§ TASK PROMPT:
Starting from the line that contains "this 1110×625 image.", output every remaining line of the records below exactly as it appears, that line and the last one included.
Start of SUPPLIED INFORMATION
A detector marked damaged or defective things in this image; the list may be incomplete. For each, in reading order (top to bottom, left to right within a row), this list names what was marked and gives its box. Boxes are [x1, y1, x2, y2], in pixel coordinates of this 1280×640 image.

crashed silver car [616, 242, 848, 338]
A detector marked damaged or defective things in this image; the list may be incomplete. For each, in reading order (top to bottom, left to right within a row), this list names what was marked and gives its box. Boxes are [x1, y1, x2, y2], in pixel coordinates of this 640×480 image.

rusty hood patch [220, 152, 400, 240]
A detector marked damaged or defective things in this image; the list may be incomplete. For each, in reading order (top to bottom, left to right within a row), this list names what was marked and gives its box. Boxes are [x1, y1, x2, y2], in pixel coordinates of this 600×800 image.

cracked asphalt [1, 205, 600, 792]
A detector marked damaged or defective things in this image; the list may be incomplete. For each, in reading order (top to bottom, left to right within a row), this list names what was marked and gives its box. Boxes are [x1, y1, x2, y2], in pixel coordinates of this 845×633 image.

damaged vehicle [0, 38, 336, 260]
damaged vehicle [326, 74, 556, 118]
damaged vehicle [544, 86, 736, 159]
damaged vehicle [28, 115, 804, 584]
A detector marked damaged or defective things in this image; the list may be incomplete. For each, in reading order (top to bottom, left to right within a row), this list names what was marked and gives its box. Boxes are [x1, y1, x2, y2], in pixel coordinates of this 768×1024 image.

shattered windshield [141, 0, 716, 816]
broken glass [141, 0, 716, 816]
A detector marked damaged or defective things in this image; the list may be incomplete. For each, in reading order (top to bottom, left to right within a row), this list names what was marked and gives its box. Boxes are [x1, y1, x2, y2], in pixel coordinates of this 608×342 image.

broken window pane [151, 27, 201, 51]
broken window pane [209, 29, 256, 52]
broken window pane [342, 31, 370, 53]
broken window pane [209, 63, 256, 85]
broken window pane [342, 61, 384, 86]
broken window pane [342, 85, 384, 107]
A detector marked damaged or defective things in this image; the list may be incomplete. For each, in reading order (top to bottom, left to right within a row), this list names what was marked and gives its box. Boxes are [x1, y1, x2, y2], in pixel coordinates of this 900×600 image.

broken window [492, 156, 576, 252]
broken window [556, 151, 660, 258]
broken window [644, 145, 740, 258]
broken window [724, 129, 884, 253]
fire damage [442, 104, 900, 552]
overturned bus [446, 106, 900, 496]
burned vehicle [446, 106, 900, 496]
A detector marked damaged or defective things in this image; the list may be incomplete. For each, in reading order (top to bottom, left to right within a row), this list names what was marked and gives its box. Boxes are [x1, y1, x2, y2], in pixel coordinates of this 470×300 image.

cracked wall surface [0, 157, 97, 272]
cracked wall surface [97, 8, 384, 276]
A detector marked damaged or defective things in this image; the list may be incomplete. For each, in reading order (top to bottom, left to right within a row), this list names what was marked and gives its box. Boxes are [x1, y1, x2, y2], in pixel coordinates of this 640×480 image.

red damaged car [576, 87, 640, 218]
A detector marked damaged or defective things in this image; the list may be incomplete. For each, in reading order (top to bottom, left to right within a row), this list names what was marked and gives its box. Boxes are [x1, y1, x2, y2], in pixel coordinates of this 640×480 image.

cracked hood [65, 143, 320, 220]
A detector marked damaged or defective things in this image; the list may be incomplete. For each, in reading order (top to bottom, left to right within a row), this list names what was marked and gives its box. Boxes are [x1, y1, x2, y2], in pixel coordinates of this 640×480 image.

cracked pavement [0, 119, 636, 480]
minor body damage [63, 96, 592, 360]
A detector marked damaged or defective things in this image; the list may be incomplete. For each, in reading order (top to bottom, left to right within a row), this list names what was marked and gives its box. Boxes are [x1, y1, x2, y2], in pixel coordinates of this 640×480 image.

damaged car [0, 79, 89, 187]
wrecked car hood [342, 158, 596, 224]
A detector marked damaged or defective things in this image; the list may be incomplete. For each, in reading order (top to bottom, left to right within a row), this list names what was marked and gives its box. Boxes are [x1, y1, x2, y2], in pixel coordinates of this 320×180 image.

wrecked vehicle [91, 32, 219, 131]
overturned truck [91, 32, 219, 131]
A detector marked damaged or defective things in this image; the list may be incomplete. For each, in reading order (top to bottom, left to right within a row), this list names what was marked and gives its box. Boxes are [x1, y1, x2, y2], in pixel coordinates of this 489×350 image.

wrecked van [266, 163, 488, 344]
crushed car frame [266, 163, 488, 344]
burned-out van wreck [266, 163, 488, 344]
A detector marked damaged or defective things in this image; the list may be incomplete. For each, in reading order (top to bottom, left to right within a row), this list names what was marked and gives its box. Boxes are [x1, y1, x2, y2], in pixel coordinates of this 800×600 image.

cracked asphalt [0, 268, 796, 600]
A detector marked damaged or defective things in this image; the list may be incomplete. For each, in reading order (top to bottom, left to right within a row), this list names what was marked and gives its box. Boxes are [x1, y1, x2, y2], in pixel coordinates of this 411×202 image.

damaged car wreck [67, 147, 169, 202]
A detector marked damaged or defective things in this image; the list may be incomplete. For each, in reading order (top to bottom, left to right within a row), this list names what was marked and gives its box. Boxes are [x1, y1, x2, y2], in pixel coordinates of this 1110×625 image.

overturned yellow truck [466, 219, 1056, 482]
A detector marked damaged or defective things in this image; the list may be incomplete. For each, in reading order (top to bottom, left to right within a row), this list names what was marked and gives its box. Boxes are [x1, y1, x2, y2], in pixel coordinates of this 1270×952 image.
End of SUPPLIED INFORMATION
§ SOLUTION TO THIS TASK:
A detector marked damaged or defective things in this image; the list may be incomplete. For each, in reading order (top to bottom, left to right within a row), this list names what was marked and gives its box. Boxes are [x1, y1, x2, y2], in pixel coordinates of this 1110×625 image.

overturned yellow truck [466, 219, 1056, 482]
A detector marked damaged or defective things in this image; the list may be incomplete. For each, in reading order (top to bottom, left to right within a row), this list names what was marked and gives its box. Boxes are [x1, y1, x2, y2], in pixel coordinates of this 1270×952 image.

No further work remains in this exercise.